Katherine jerked her head up. I shouldn’t have heard that. The disk—bubble—was designed to be soundproof.
The Viking stared at her as if he could see her. In a sudden movement, he dropped the lamb, then drew his sword. The lamb bleated again, struggled to its feet, and trotted out of the bubble.
Out of the bubble…
Overcoming her momentary paralysis, she leapt toward the computer. Shut it off!
John flicked the switch.
Relieved, she turned to confirm the bubble had gone and taken the man with it.
She was half right. The iridescent bubble had disappeared, but the circle of grass remained—and the Viking stalked toward her, sword raised.
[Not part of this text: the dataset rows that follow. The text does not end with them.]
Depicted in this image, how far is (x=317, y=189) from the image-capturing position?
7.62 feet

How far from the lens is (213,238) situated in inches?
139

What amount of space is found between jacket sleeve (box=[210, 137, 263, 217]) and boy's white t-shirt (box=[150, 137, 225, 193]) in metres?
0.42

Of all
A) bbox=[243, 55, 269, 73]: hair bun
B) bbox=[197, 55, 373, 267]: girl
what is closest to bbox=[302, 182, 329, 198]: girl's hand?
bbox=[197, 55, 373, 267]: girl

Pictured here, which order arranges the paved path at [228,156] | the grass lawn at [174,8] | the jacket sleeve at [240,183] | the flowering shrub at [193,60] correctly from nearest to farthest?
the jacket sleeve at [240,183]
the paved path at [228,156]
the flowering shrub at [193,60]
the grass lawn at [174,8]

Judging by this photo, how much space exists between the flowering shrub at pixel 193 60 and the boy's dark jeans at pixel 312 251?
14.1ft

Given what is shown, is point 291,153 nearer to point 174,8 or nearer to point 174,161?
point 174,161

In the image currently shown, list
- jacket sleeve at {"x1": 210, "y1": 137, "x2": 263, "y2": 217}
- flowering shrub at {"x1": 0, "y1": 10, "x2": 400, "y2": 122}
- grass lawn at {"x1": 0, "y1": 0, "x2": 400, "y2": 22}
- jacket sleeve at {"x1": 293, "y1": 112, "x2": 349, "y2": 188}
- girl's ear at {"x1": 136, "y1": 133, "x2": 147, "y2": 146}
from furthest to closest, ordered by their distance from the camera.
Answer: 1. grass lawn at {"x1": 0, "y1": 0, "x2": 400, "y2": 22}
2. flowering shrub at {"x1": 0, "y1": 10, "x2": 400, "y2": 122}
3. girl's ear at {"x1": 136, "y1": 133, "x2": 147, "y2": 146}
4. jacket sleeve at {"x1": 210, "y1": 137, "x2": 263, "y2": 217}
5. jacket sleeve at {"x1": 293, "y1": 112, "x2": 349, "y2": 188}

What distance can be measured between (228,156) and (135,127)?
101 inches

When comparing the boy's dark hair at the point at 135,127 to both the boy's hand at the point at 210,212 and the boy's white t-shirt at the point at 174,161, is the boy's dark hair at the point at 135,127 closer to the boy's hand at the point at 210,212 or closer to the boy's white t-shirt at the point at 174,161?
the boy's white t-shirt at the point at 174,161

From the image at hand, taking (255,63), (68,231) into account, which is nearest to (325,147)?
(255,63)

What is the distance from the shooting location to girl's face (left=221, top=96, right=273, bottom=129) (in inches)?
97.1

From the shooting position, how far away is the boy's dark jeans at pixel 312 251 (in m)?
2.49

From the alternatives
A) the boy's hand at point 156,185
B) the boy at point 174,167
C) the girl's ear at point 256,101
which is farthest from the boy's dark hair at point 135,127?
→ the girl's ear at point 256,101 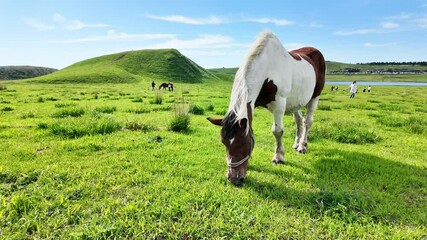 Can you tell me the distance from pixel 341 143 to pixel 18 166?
8.35 meters

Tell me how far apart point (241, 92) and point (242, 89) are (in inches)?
2.3

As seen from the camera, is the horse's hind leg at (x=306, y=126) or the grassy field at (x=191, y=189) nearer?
the grassy field at (x=191, y=189)

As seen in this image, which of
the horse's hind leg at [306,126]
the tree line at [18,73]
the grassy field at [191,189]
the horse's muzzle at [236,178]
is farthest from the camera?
the tree line at [18,73]

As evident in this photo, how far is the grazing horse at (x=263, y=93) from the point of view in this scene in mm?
4305

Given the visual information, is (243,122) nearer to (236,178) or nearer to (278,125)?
(236,178)

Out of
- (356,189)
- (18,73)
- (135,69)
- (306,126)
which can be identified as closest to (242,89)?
(356,189)

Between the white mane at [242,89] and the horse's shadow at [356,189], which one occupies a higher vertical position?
the white mane at [242,89]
Her heart slammed in her chest. That’s not supposed to happen,
she squeaked.
No kidding?
John’s dry tone contrasted with his hurried retreat from the imminent threat.
Katherine always insisted on a backup plan for any contingency, but when a window became a door—that was one contingency she hadn’t anticipated.
Dr. Bishop?
Professor Jessop’s voice held a nervous, quizzical note.
She ignored him. Reassurance was pointless when her whole world had suddenly spun on its head. She caught John’s attention and strove to keep her voice calm. Get the bubble back. If we can drive him into it, we can shut it off again once he’s inside. I’ll keep him occupied.
John gaped, wet his lips, and stepped back to the computer. As his fingers flew over the keyboard, Katherine edged toward the Viking. Her heart felt as if it wanted to beat its way into her throat. She swallowed, scrubbed damp palms down the sides of her lab coat, then held her hands away from her sides. Going for non-threatening here. She hoped.
She’d intended to speak to him in Norse, but the moment she saw his face, the stark terror in his eyes, every language she’d ever learned disappeared from her rattled brain. It’ll have to be English, then. With luck her tone would convey her meaning. Do not be frightened. We mean you no harm.
The man swung his sword toward her. Her hands jerked up in reaction, palms out. She was too shocked to even close her eyes. The sword halted an inch from her fingers. The man regarded her for a moment, then lowered his sword and began a wary examination of the room.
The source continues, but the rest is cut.